• RECORDS TO PROCESS
● ● ●

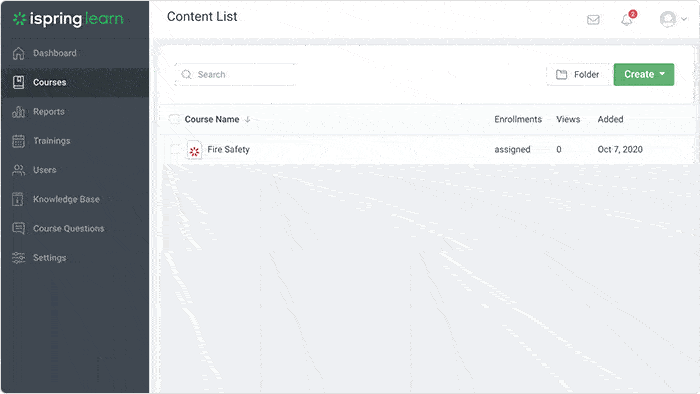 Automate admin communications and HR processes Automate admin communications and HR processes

● ● ●

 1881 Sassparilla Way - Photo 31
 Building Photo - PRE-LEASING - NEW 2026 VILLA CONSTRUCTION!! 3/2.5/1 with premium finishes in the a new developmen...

● ● ●

• DIRECTIONS FOR THIS TASK
Count every line of the listing that includes the word "Photo", then give that count and no other words.

• RESPONSE AREA
2